By Deb Castellana
Imagine if you will, a life support pod at the bottom of the sea. About the size of a city bus, Aquarius sits in 63’ of water inside the Florida Keys National Marine Sanctuary. Currently operated by Florida International University, Aquarius was almost closed due to lack of funding in 2012. Mission Aquarius, during which Mission Blue’s Dr. Sylvia Earle lived below for a week, was eloquently documented by One World One Ocean. Through the efforts of many who shined a spotlight on Aquarius as a unique and valuable asset to science, Aquarius received a stay of execution. In her time, she has served an important role, hosting NASA astronauts in training, coral scientists, climate change experts, journalists and statesmen.
Fabien Cousteau, grandson of ocean legend Jacques-Yves Cousteau is currently attempting to break his grandfather’s longstanding 30 day record for living on the bottom of the sea by remaining at depth in Aquarius for 31 days, hence the name, Mission 31.
The timing couldn’t be more perfect – it’s the 50th anniversary of Conshelf II, as well as today, it’s Jacques-Yves Cousteau’s birthday!
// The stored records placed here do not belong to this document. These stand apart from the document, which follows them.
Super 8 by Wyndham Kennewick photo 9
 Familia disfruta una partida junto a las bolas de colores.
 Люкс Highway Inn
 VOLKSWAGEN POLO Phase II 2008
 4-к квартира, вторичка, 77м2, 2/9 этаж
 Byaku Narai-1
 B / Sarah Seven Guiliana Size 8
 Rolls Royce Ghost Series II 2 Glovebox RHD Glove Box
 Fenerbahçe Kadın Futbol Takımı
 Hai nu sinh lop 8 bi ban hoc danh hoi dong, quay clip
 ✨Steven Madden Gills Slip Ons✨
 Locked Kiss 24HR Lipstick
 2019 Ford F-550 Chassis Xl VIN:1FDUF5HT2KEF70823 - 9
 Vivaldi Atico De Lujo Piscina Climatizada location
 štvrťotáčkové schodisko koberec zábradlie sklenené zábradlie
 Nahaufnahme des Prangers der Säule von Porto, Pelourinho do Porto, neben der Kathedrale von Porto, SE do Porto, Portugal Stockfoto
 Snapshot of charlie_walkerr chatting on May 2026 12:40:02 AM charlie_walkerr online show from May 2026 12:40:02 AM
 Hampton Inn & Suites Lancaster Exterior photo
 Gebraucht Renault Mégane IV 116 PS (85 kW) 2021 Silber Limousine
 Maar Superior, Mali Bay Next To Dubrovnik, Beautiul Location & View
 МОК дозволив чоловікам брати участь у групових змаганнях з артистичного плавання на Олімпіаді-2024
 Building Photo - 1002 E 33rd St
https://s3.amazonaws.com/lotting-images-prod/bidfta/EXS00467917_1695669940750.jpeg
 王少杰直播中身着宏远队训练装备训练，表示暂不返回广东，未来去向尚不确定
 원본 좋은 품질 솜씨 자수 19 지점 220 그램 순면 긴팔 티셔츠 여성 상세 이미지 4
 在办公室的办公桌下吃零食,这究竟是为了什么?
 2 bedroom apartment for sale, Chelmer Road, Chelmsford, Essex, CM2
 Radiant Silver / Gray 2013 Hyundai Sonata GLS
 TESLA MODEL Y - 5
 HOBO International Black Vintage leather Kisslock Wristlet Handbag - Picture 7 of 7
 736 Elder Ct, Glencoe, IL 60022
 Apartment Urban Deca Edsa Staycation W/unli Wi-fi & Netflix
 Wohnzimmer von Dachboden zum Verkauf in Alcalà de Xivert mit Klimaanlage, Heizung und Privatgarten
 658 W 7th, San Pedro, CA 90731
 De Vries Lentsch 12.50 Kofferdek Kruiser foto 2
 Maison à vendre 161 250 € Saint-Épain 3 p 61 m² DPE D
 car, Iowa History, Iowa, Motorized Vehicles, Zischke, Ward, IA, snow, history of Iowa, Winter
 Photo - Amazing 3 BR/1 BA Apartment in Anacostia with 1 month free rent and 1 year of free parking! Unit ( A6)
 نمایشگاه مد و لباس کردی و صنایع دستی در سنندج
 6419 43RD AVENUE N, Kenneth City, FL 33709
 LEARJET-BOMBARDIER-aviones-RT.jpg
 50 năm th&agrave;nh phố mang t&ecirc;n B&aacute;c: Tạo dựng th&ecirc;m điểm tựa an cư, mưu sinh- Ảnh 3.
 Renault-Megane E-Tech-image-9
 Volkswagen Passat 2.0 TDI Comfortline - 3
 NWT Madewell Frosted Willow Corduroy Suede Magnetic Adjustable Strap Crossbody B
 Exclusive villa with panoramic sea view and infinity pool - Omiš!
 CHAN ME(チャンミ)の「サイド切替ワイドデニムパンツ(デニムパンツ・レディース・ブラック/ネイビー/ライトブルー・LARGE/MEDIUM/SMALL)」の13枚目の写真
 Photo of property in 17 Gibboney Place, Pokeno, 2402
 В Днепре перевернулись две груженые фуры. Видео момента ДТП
We have to believe that the man in the red watch cap would be grinning from ear to ear to see his three fellow ocean explorers, together on the bottom of the sea.
But Saturday was one for the history books – a trifecta of ocean royalty reunited down under: two generations of the Cousteau family: Fabien and Jean-Michel, accompanied by none other than Her Deepness, Dr. Sylvia Earle.
Said Dr. Earle, “I knew Jacques Cousteau. Here we have Jean-Michel and Fabien coming together, it’s really a milestone in the history of diving. The Cousteau legacy lives on!”
“I really want Aquarius to continue to succeed and inspire the world about what it’s like to be in the ocean.”
Inside, we find Fabien Cousteau and a team of Aquanauts living & working for 31 days. The only sun they see is filtered through the blue/green tint of the tropical Atlantic ocean in the Florida Keys National Marine Sanctuary. And the noise doesn’t let up inside Aquarius – ever.
And what does one do when one has the opportunity to live 24/7 on the ocean floor? Fabien is engaged in almost non-stop Skype Sessions and interviews with global news outlets from CNN to the Weather Channel to the BBC. Aquarius is equipped with lightning fast wireless internet, and comms are a certainly a very different story now than when Jacques lived in the Red Sea for 30 days in 1963. This time, the world can watch the aquanauts 24/7 through the habitat’s live feed.
Fabien is accompanied by a crew of aquanauts, who will be remaining at depth for differing durations. Some will stay the full 31 days, and some will depart early next week allowing for a new shift of scientists and photographers to descend to the habitat.
At Mission Blue we are particularly proud – and a lot jealous – of our Director of Photography and Expeditions, Kip Evans, who is working on Mission 31 and living in the blue for the first two weeks.
More than simply counting off more days than his grandfather did, Fabien’s vision for Mission 31 is to show the world the vital human-ocean connection that is often overlooked. Three main topics will be the focus throughout Mission 31: climate change and its evil twin, ocean acidification; ocean pollution, particularly the effects of plastics; and overconsumption of resources with specific focus on the decline of biodiversity.